In Lower Burgundy, a string of near-independent counties came into existence in the Rhône valley, in the Valentinois, at Orange and in the Comtat Venaissin. But the greatest power was garnered by the heirs of Count Boso. Of the three lines of Bosonids, one came to an end with Hugh of Arles (see above); a second spawned the ‘counts of Provence’ based at Ais (Aix-en-Provence); the third founded the mountainous County of Fourcalquier. The ascendancy of the counts of Provence in the southern parts of the kingdom was near complete but for the rumbustious lords of Baou (Les Baux), whose impregnable fortress and indomitable will defied all comers.
Thanks to the splintering of power, the Arelate declined, and Arles sank into a capital city in name only. No coronations were held there between the tenth and the twelfth century. The magnificent Roman amphitheatre was turned into a castle, and a miserable clutch of dwellings was built for saf
ety inside the arena. The regal church of St Trophine stood outside, waiting for better times. In such conditions, Rudolf III struggled on under ever-growing restrictions.
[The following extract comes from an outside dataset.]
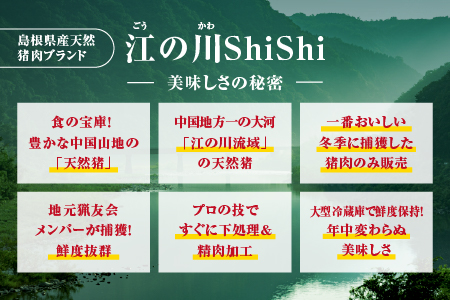 天然猪 江の川shishi 猪モモスライス 焼肉用 500g （ 2～3人前 ） AI-6 いのしし肉 イノシシ肉 猪肉 猪 モモ肉 スライス ジビエ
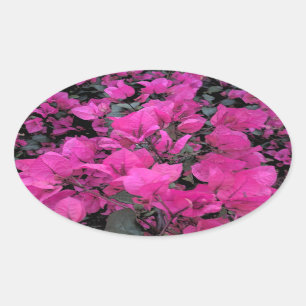 Sticker Ovale Aquarelle-Bougainvilliers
The chroniclers gave him the label of ‘der Faule’ or ‘le Fainéant’ and ‘the Pious’, which together make for a ‘holy loafer’. He was particularly disturbed by the depredations of the counts-palatine from the north, against whom he called in Heinrich (Henry) II, king of the Germans. Heinrich’s price – like that of Duke William of Normandy in this same era – was to extract a promise to appoint him sole heir apparent. Rudolf was childless, and the succession was likely to be claimed by his cousin, Odo II of Champagne, one of the most terrifying warriors of a terrifying age. In the event, Heinrich (r. 1014–24) died before Rudolf did. But the promise was not forgotten.
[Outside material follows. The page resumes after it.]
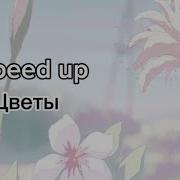 Шатунов Цветы Speed Up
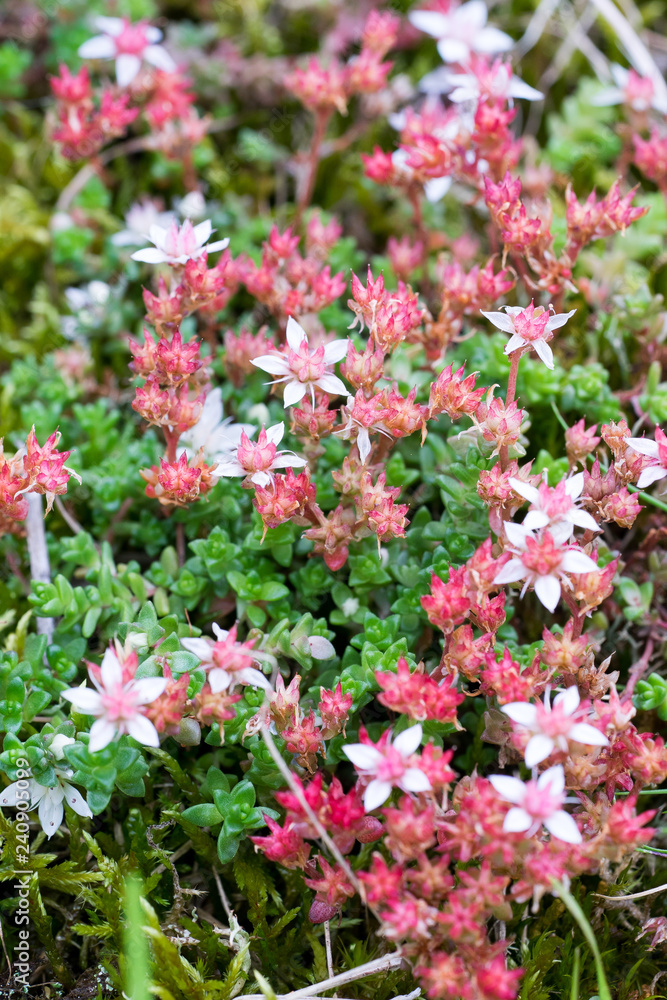 Obraz premium Closeup of English Stonecrop flowers (Sedum anglicum) in Scottish Heathland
The matter came to a head in 1032. As expected, Rudolf died without issue. As expected, the throne of the Two Burgundies was immediately disputed both by Odo of Champagne and by Heinrich’s son, the Emperor Conrad II. The emperor won, because Odo’s claim was denounced by his feudal superior, the king of France. So a measure of international recognition was granted as the ‘realm of Two Burgundies’ passed painlessly into the possession of the German emperors. It would stay there, in theory at least, until the very last fragment fell to the French over six centuries later.
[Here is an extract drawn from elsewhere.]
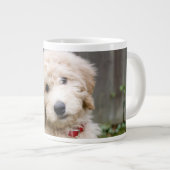 Goldendoodle Welpen im Gras Jumbo-Tasse (Vorderseite Rechts)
The Holy Roman Empire of the German Nation, as it came to be called, was not a simple organism. In its later stages, it was said to contain as many princely states as there were days in the year. But after 1032, its basic threefold structure consisted of the Kingdom of Germany (Regnum Teutonicum), the Kingdom of Italy (Regnum Italiae) and the Kingdom of Burgundy (Regnum Burgundiae), that is the ‘Kingdom of Arles’ as renamed after incorporation, and commonly known in German as the Königreich von Burgund. Now, therefore, only two Burgundies were functioning: the dependent duchy within France and the dependent kingdom within the Empire. Should the latter be counted as a new entity or not? Bryce thought not, and treats it as a simple continuation of the Kingdom of Arles. Yet the contrary arguments are persuasive. The political context had changed radically, and the territorial base would change, too. Within a century of 1032, imperial Burgundy would experience further transformations. It is counted here as the seventh kingdom.